というか、マント以外は冴えないんだよなあ、この映画。

スポーンは造形はイイんだけれど、動きがドタドタしているので全くカッコ良さが無い。生身で勝負するアクションヒーローの方が、何倍も魅力ある動きをするぞ。
身軽に動くか、逆に重厚感を持たせるか、どちらかにして欲しかった。

しかも、スポーンは後半になって精神集中による特殊な武器の使い方を覚えるまで、銃を持って戦うんだよね。
それじゃあ普通のガンアクション映画じゃねーか。CG技術を存分に使った映画なんだから、前半から特殊な武器を使わせましょうや。

大火傷を負ったアルが路地裏を徘徊する場面は『ダークマン』を思い出させる。スポーンがビルの壁を這う場面は『スパイダーマン』を思い出させる。
なんかどこかで見たようなシーンが多いんだよなあ。

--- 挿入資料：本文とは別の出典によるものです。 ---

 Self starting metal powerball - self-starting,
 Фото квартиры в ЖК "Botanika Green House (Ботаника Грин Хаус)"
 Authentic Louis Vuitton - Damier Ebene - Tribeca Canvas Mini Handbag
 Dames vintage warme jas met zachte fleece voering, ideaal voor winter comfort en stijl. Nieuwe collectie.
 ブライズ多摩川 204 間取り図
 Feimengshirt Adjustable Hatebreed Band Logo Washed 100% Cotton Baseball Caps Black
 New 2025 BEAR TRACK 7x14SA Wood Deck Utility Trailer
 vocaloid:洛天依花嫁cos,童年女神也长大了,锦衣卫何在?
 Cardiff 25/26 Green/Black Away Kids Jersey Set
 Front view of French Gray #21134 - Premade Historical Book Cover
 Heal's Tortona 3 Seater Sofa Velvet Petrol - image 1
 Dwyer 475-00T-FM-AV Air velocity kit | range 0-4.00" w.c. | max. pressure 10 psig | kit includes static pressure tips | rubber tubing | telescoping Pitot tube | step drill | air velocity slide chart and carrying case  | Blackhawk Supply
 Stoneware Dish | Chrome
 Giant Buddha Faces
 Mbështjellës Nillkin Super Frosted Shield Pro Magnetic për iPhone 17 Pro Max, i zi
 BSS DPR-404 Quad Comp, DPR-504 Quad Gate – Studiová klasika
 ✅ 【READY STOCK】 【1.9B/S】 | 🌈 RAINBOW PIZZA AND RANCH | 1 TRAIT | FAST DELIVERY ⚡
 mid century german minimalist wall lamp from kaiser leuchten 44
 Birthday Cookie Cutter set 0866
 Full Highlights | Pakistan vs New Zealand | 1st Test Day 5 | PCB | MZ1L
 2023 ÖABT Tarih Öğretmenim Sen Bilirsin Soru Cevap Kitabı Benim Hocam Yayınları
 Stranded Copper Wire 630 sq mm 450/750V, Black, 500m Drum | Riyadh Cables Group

やっぱりマント以外は強く惹き付けられる要素が見当たらない。

話も変だよなあ。
“細菌兵器をウィンの体に埋め込ませてアルに殺させて”なんて面倒なことをする必要があるのか?普通に細菌兵器を散布させれば人類は滅亡するんだから、それでいいんじゃないのかな。
マレボルギアが何をやりたかったのか、さっぱり分からない。